Yampa Valley Partners’ latest forecast provides data for Routt and Moffat counties’ performance in several economic sectors, including real estate, retail, construction, cost of living, transportation, energy and “economic stress,” an employment model contrasting the number of jobs to the number of workers.

The model tracks that ratio throughout the past 20 years and shows a clear message, Scott Ford said, about current unemployment levels in Routt and Moffat counties.

“Both of us are in the toilet,” said Ford, director of the Routt County Economic Development Cooperative and a member of a Yampa Valley Partners’ advisory board. While Ford said the gloomy market obviously is no surprise to the many people without work in Northwest Colorado, the latest economic stress model gives a deeper look into local unemployment trends.

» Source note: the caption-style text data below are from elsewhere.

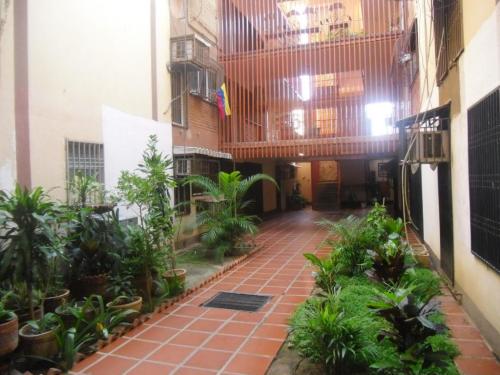 EXCELENTE APARTAMENTO EN VENTA (16-9929)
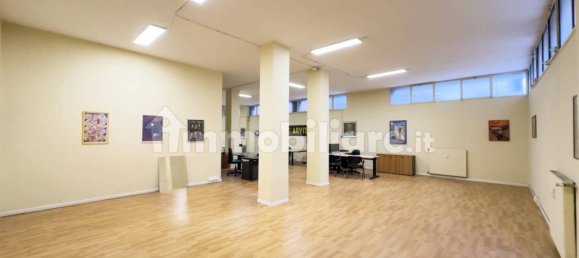 1 room Office in Turin, Italy No. 345593 3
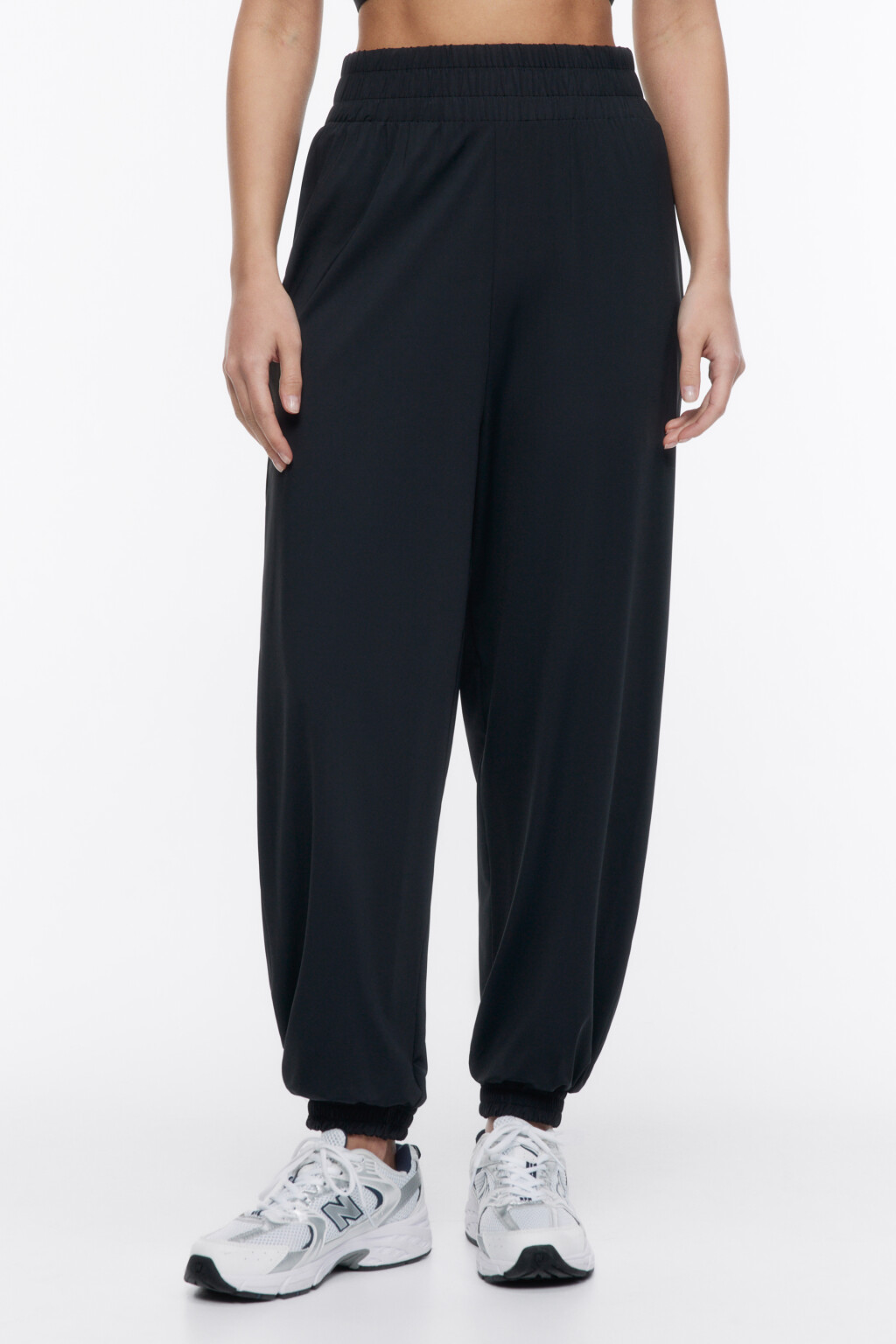 Брюки-джоггеры спортивные из дышащей ткани - цвет черный - 2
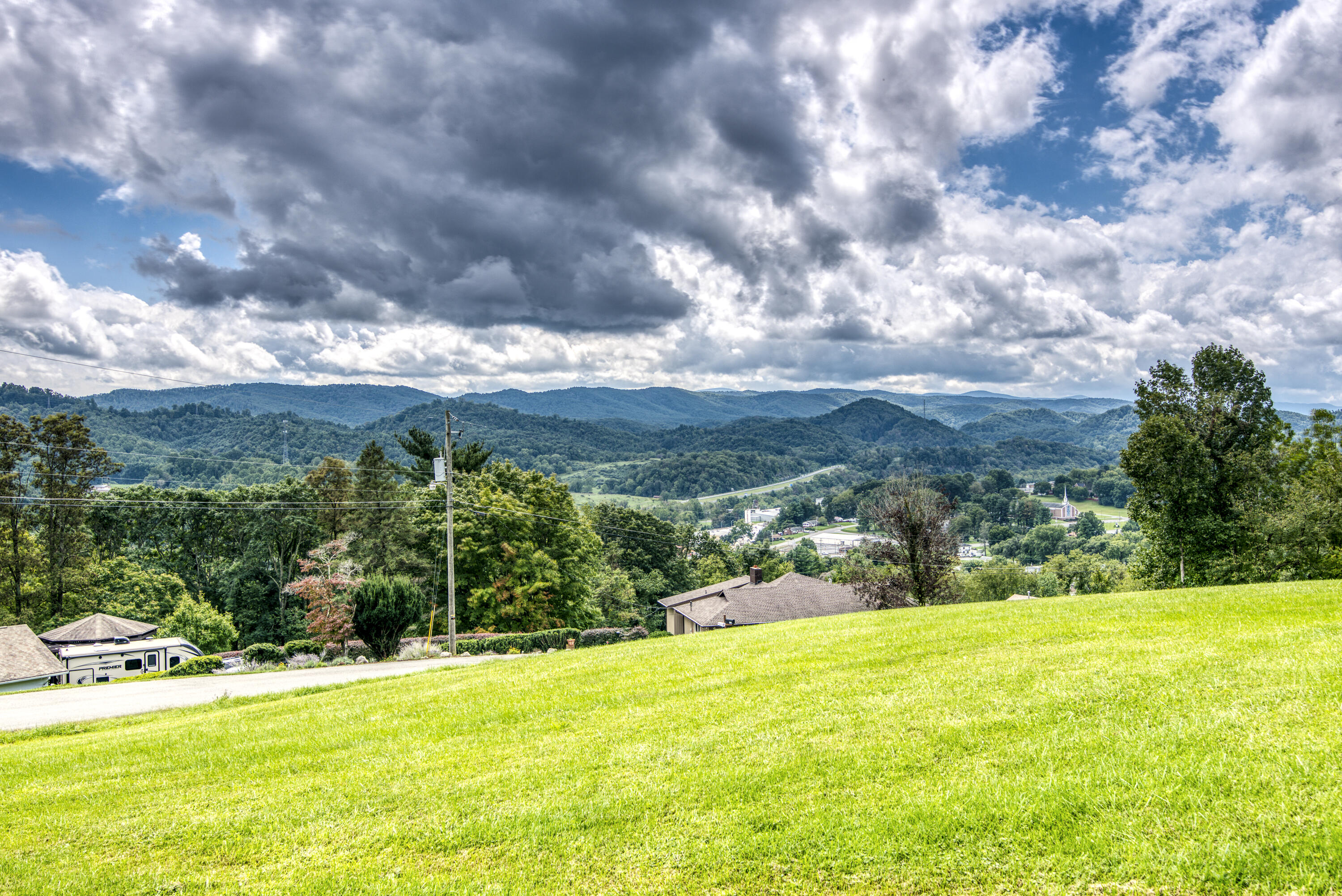 393 Panorama Drive, Marion, VA 24354 Compass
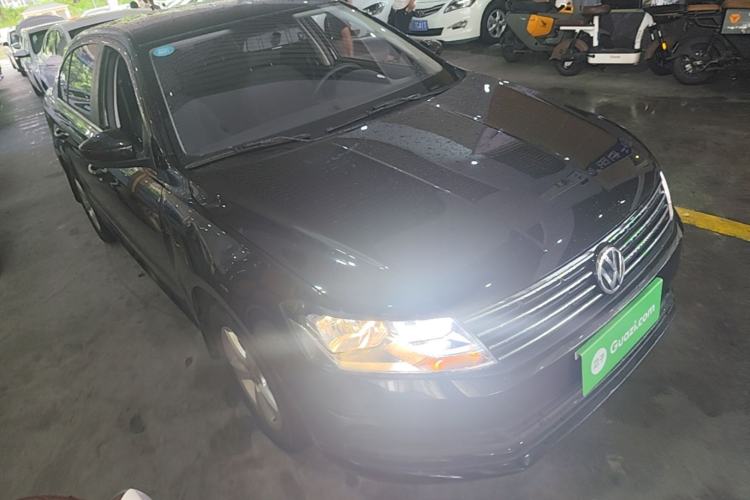 Used Volkswagen Lavida 2015 1.6L Manual Fashion Edition Front Right 45 Deg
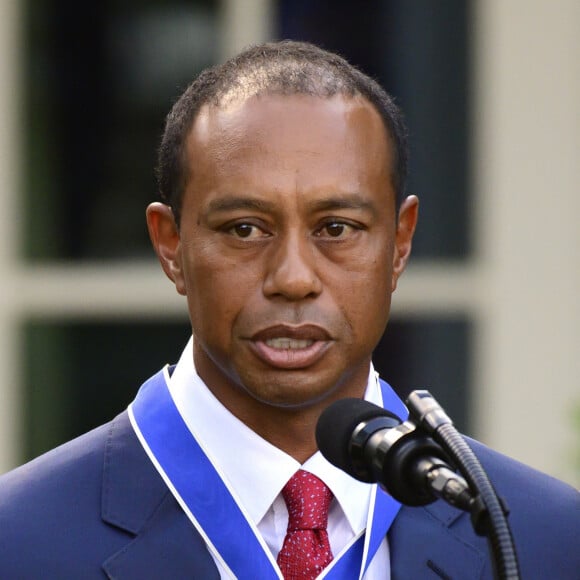 Tiger Woods reçoit la médaille présidentielle de la liberté au au Rose Garden de la Maison Blanche à Washington, DC le 6 mai 2019.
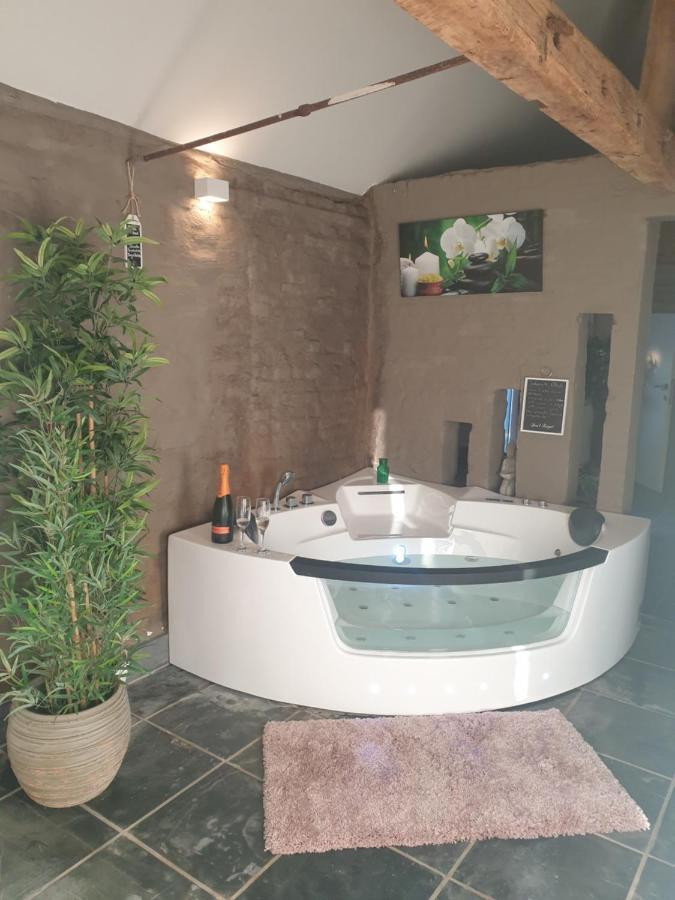 Authentic Wellnesshoeve Hansbeke Kültér fotó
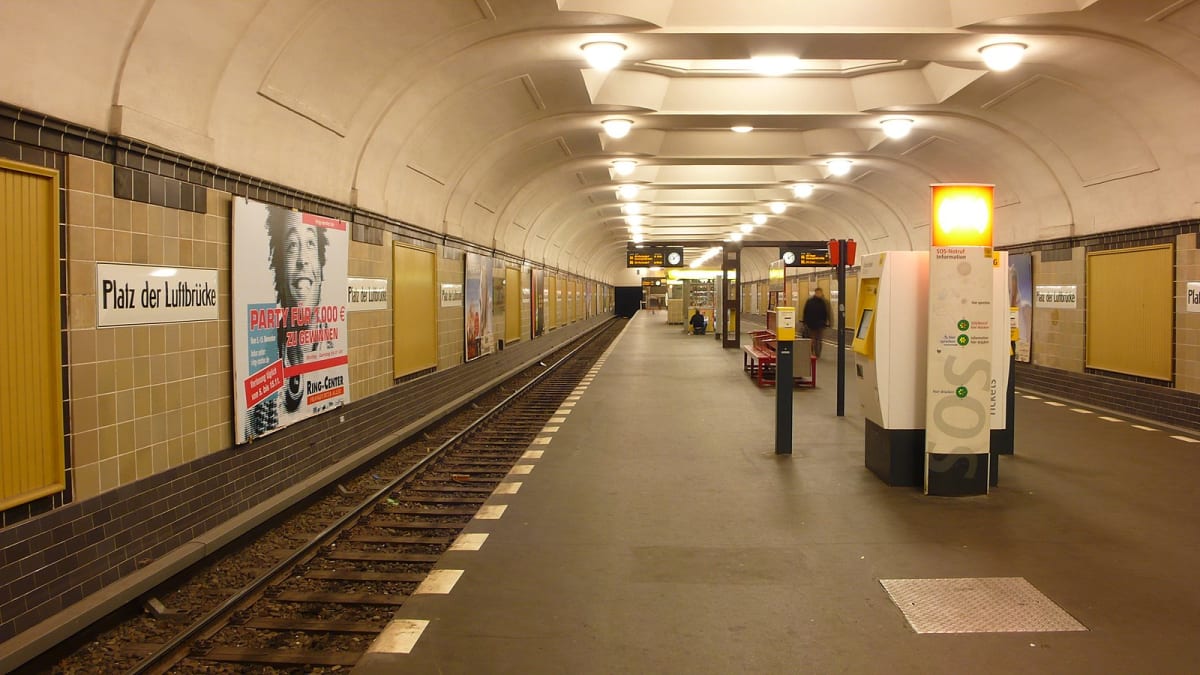 Hon na Hitlera - stanice metra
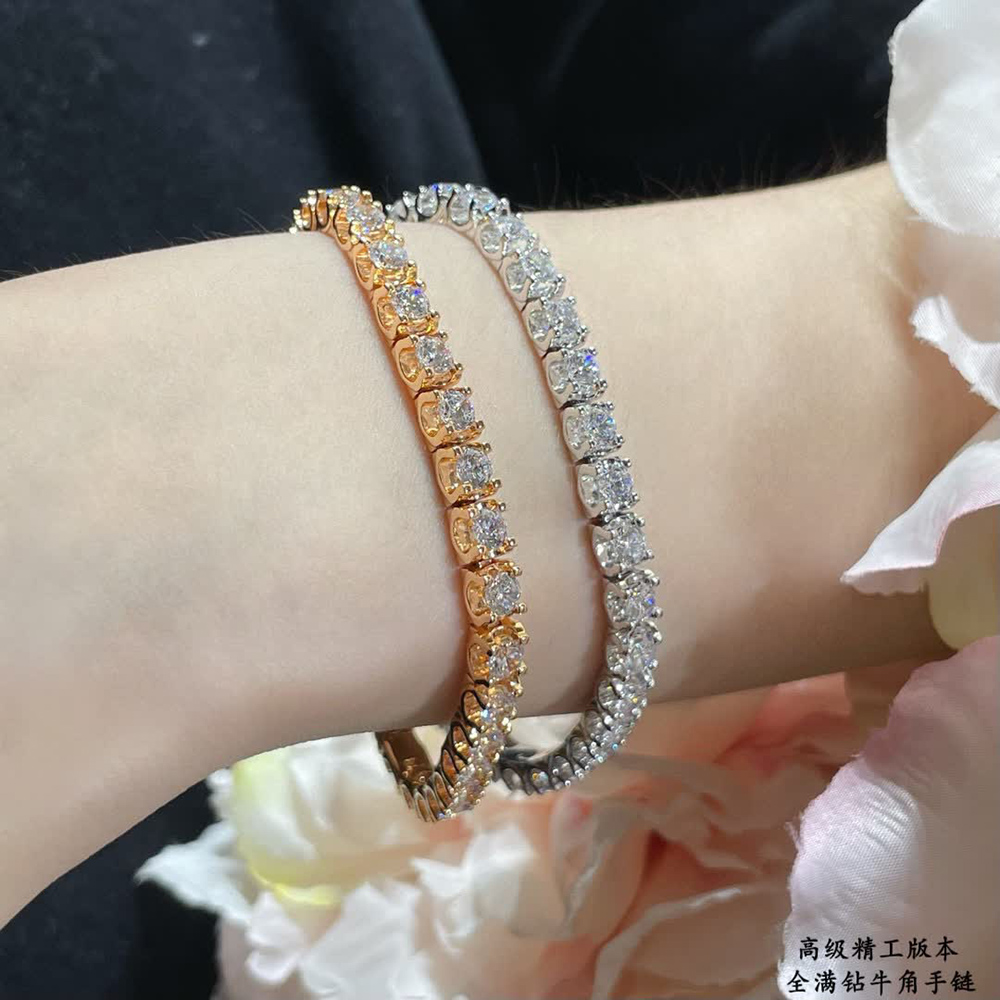 Cartier full diamond horn bracelet A0285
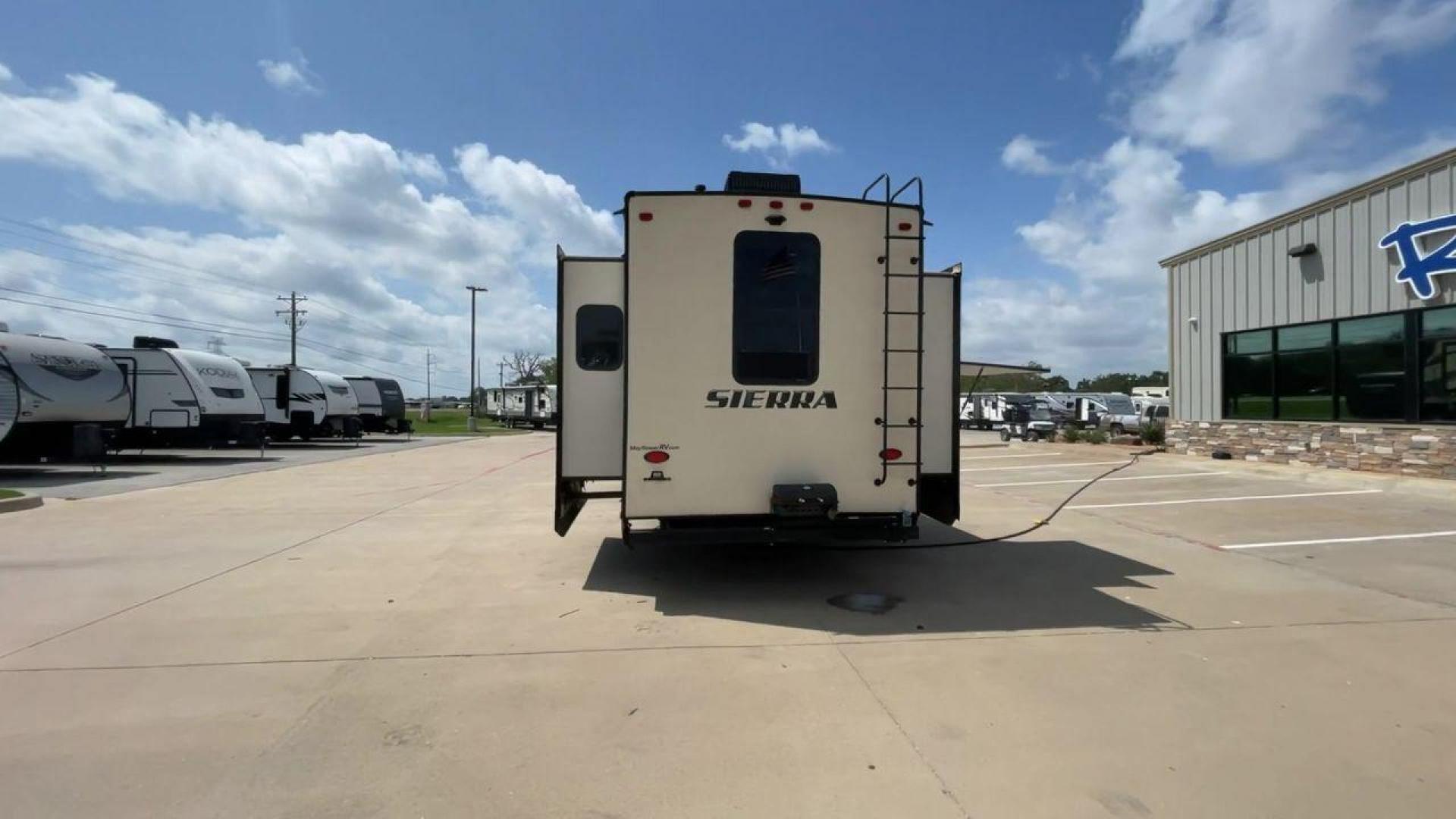 2018 FOREST RIVER SIERRA 379FLOK (4X4FSEP23JJ) , located at 4319 N Main Street, Cleburne, TX, 76033, (817) 221-0660, 32.435829, -97.384178 - Photo#8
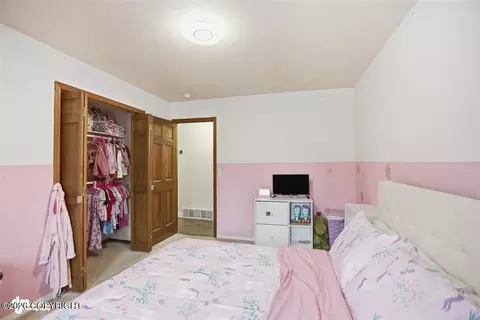 Bedroom - 19207 Middleton Loop, Eagle River, AK 99577 photo 2 of 8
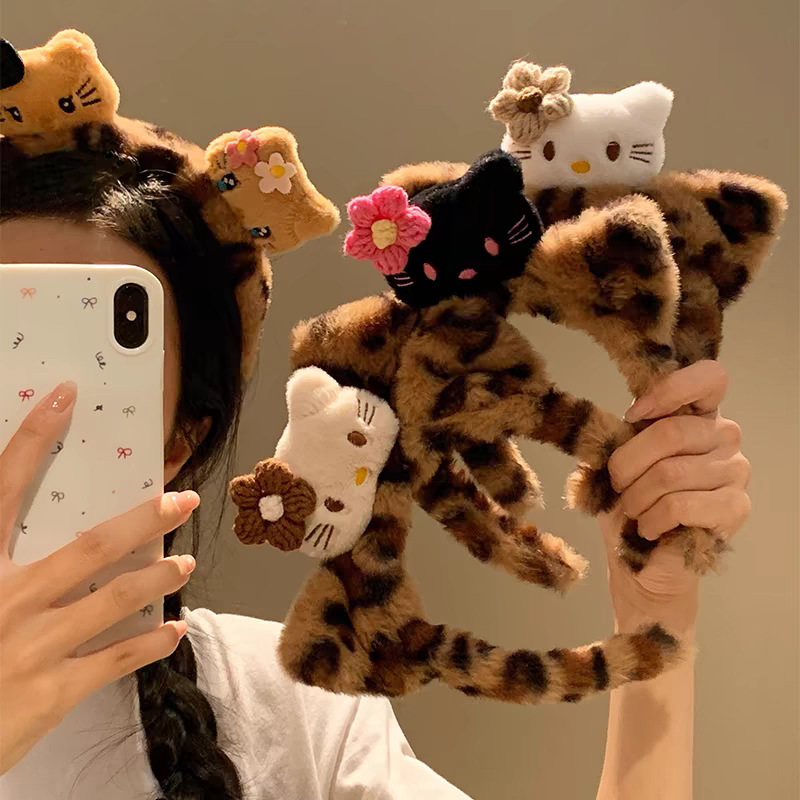 Cute cartoon plush hairband for women 2026 new style, special headband for washing face, makeup, mask application, hair pressing, hairpin headwear details Picture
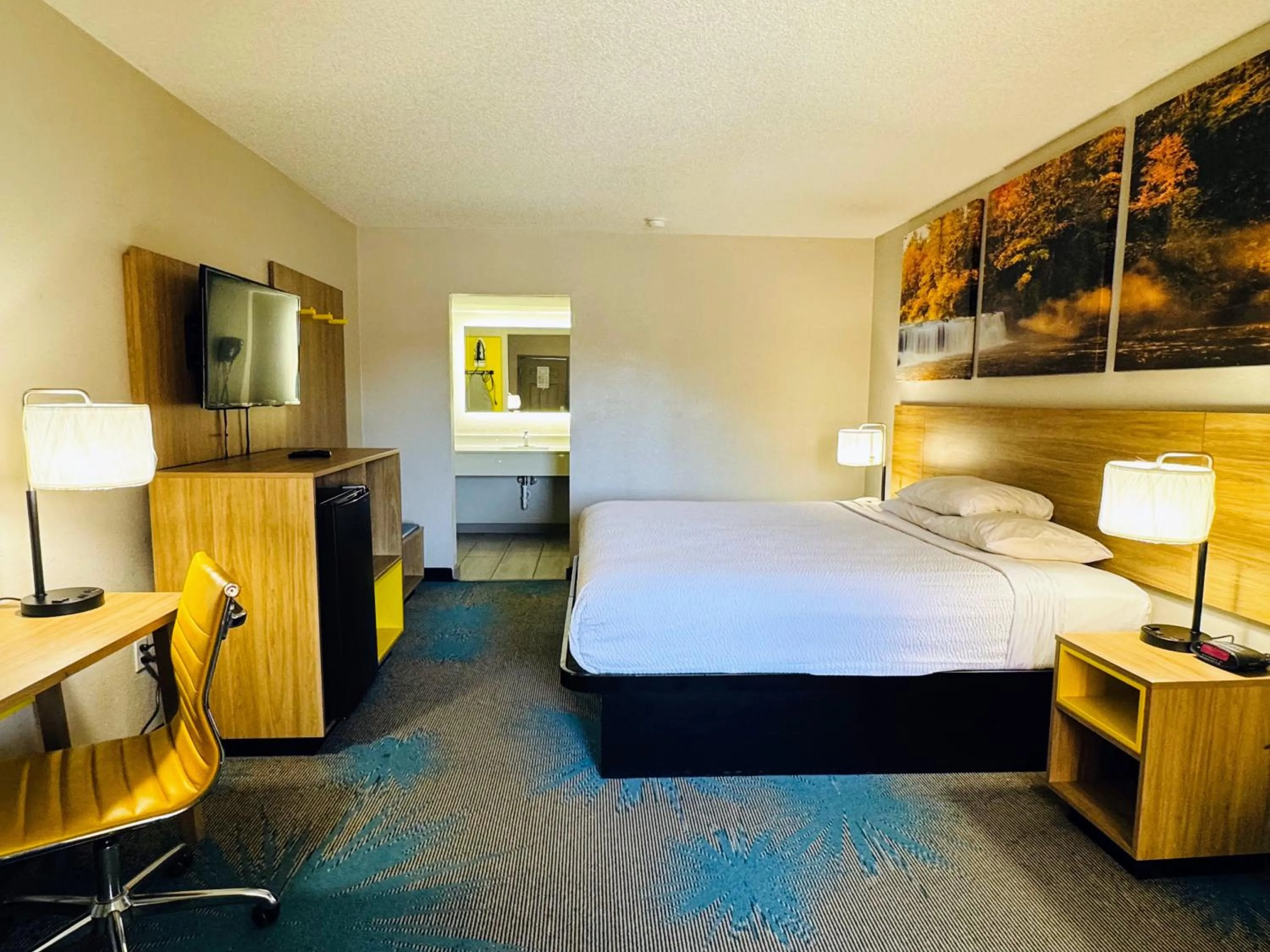 Photo of the whole room, Bed in HomeLodge Newnan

The model shows, for example, that while Routt County’s jobs-to-workers ratio was improving from early 2009 to early 2010 — moving closer toward equilibrium — the ratio again began widening, negatively, near July and remains on a sharply downward trend.

The model’s current economic stress ratios easily are among the worst Routt County has seen since the early ’90s.

“There’s a lot of hardship out there,” Ford said.

The forecast indicates a very slow construction industry for the first quarter of 2011 and home construction “at historical lows throughout the upcoming year,” Ford said. But there also are some positive indicators, such as home prices, that are declining less rapidly. Ford said the forecast has a simple overall message.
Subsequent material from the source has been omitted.